- _Assigned task_:
Using the data that follows, return exactly the lines from the one that contains "VampireDiariesWorld-dot-org_2x13DaddyIssues1118.jpg" through the one that contains "Jax League of Legends Mug", ends included.

- _Exercise data_:
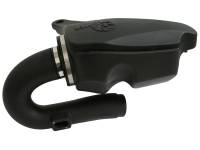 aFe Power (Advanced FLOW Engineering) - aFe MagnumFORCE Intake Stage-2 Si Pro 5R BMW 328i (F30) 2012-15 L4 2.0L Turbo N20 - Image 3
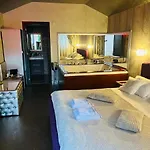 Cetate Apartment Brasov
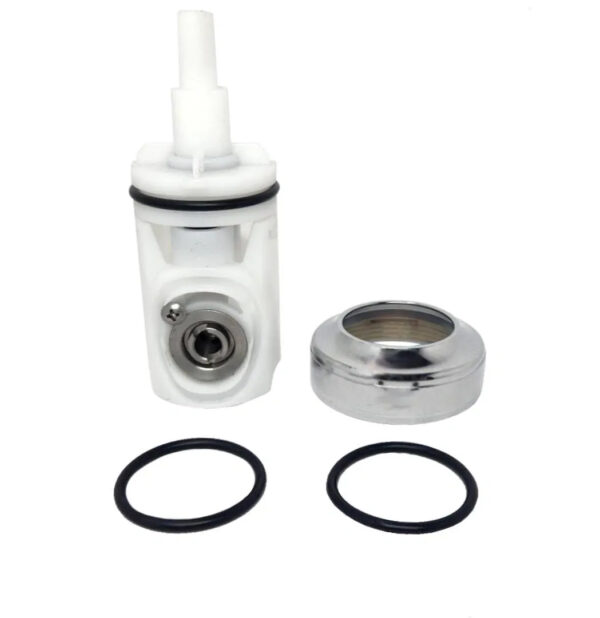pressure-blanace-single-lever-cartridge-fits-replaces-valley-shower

--

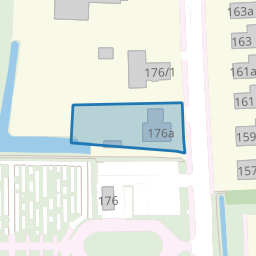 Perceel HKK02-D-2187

--

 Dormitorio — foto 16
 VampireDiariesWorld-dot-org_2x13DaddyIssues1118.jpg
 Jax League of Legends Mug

- _Task response_:
 VampireDiariesWorld-dot-org_2x13DaddyIssues1118.jpg
 Jax League of Legends Mug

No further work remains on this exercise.